Le chat n'est pas tenu de vivre selon les lois du lion. The Ex a pourtant rêvé ce projet comme un album de reprises – certes retravaillées – du saxophoniste. Pour ce faire, il a musclé la formation de la clarinette et des cuivres de quelques « amis ». Et voici les barrissements de Joost Buis (trombone) sur Ethiopia hagèré, ou encore l'étonnant solo de Xavier Charles (clarinette) sur Eywat Setenafegagn. Avec de tels renforts, les ambiances éthio-jazz surnagent largement sur Sethéd sekètèlat et quelques autres titres. Paré sur scène d'une coiffe traditionnelle en crinière de lion, Gétatchèw rugit à nouveau au sax ses fameux shellèla tribaux ; à leur paroxysme, par exemple, sur Tezeta.

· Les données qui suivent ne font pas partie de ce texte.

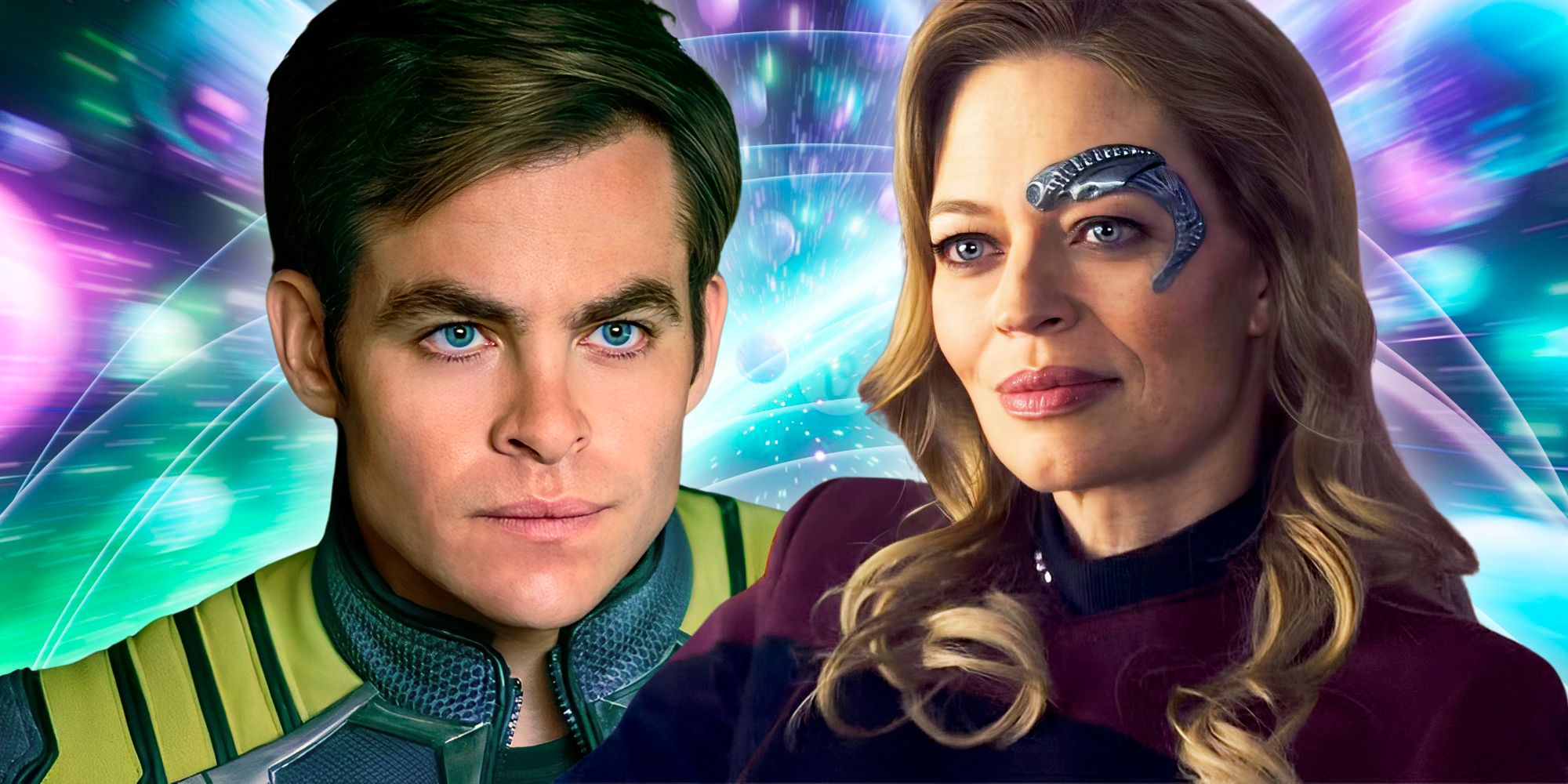 5 películas de Star Trek y programas de televisión que predecirán en los próximos 10 años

On attendait le roi-lézard, ce fut le roi-lion.

Ce faisant, au fil des morceaux, les contours de l'énigmatique éthio-punk se dégagent : puissance sonore, ton incantatoire, instants éphémères, énergie... Les deux genres se découvrent des synergies insoupçonnées. Les murs de guitares de The Ex rugissent un vacarme ambiant soigné. Enveloppé de ce brouillard électrique anxiogène, Aynotché tèrabu/Shèmonmwanayé est par exemple métamorphosé en odyssée sonore. Le temps d'une déclamation habitée, la voix de G.W. Sok vole aux guitares leur diction monocorde. Cette fusion musicale émulsive dégage une énergie particulièrement inouïe pour Gétatchèw. Lequel des deux était vraiment le lion ?

L'expérience marque une nouvelle étape pour l'audacieux Gétatchèw. Sur la scène du concert Banlieues Bleues, de nombreux franciliens découvriront son saxophone éruptif pour la première fois sous cette forme. Qu'ils sont loin, la vièle masenqo de ses jeunes années, et l'orgue Hammond de Gétatchèw Dègéfu! Le patriarche fait montre ici d'une jeunesse étonnante. L’éthio-punk survivra même au départ du chanteur G.W. Sok en 2008, pour se concrétiser dans un second album avec Gétatchèw Mèkurya : Y'anbessaw tezeta (Terp Records, 2012).